Ces ponts en treillis sont doués d’une grande inflexibilité. Tels qu’ils sont construits dans l’Amérique du Nord, c’est-à-dire avec une médiocre quantité de ferrures, les ponts de bois à grands arceaux, appelés aux États-Unis ponts de Burr, du nom d’un charpentier qui les a perfectionnés, ont une élasticité telle, que les convois de chemins de fer, par exemple, ne peuvent les traverser qu’avec une extrême lenteur. Sur les ponts en treillis bien établis, et notamment sur tous ceux qu’a construits M. Robinson, les locomotives conservent sans inconvénient leur plus grande vitesse. Cette considération leur assure la supériorité pour les chemins de fer.

La hauteur du treillis règle la solidité du pont, et augmente nécessairement avec la longueur des travées. Pour des travaux considérables, de 60 mètres, par exemple, on donne au treillis 5m. à 5m.50 de haut. En général, M. Town pense que la hauteur du treillis doit être du dixième ou du douzième de la portée des travées. Lorsque le tablier repose sur l’entrait, l’élévation des chariots ne permet pas de donner au treillis moins de 4m. à 4m.30. On a construit quelques-uns de ces ponts avec des travées de 220 pieds (67 mètres).

Dans toute charpente de pont, les deux lignes qui devraient offrir la plus grande résistance sont dirigées, l’une, suivant la ligne droite horizontale menée par l’extrémité inférieure de la charpente ; l’autre, suivant une courbe arquée qui s’appuie par ses deux extrémités sur cette ligne droite. Le pont en treillis présente en effet une grande solidité à sa base par l’entrait composé de quatre pièces accouplées deux à deux ; mais il est moins solide tout le long de la courbe supérieure décrite par la ligne idéale de plus grande compression. Plus le treillis est élevé, et plus le cordon supérieur, qui renforce la charpente, diffère de cette ligne idéale. Aussi l’on a remarqué que les ponts en treillis à grandes travées étaient sujets à gauchir ; et une fois déjetés, ils perdent beaucoup de leur stabilité.

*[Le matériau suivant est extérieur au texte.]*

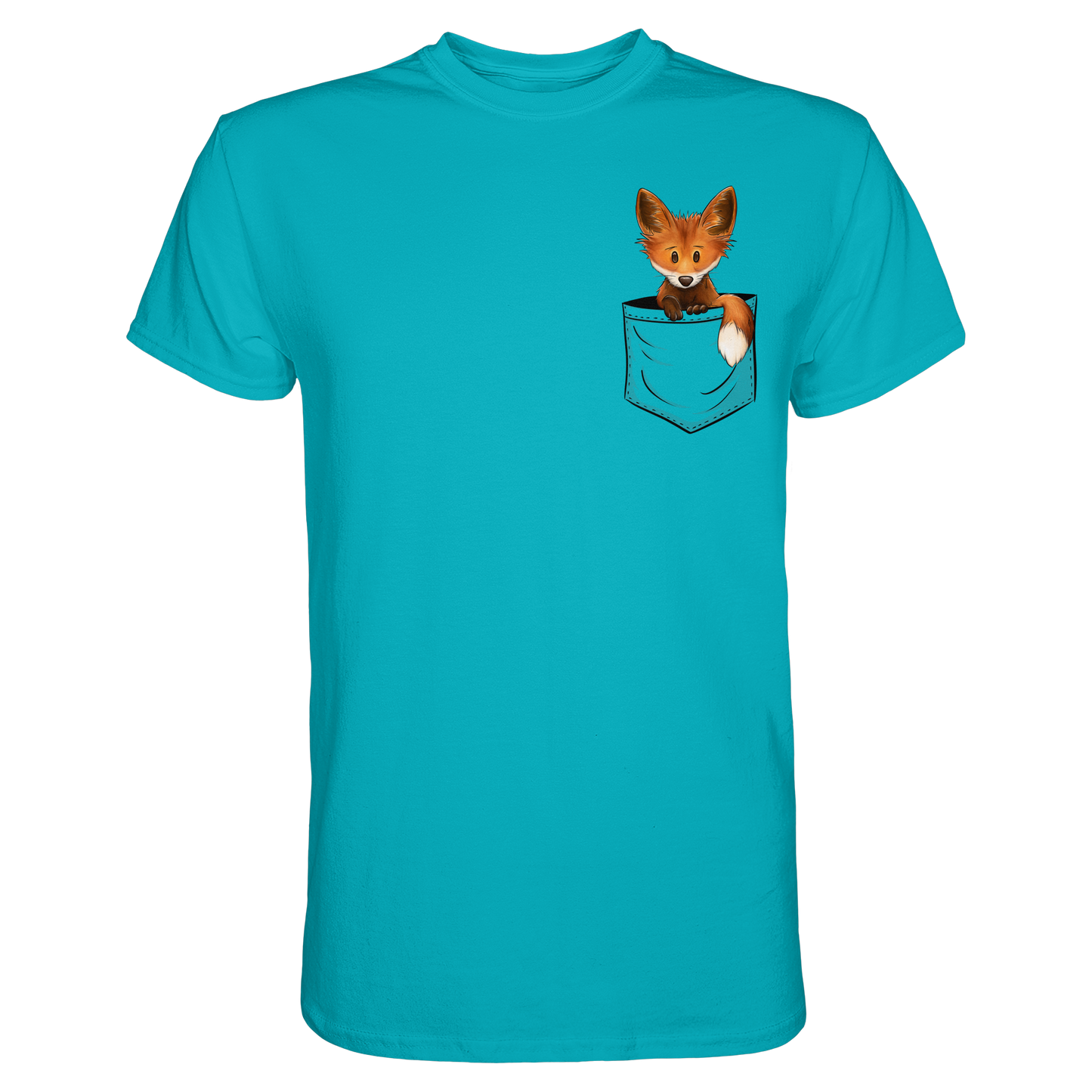 Funky Fuchs in der Tasche - Premium Shirt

M. Town a imaginé divers moyens de parer à cet inconvénient. Pour accroître la résistance du treillis, on peut le faire double de chaque côté du pont ; c’est ce que M. Town a essayé, en écartant cependant les pièces qui le composent de sorte que la diagonale horizontale du losange compris entre quatre moises

  1. Les pieds et les pouces dont il est question dans cette description du pont de Richmond, sont toujours des pieds et des pouces anglais.
  2. On fait ces chevilles rondes en chassant à coups de marteau des chevilles carrées dans un mandrin en fer de même longueur que la cheville, acéré à son extrémité et fixé verticalement sur un établi horizontal.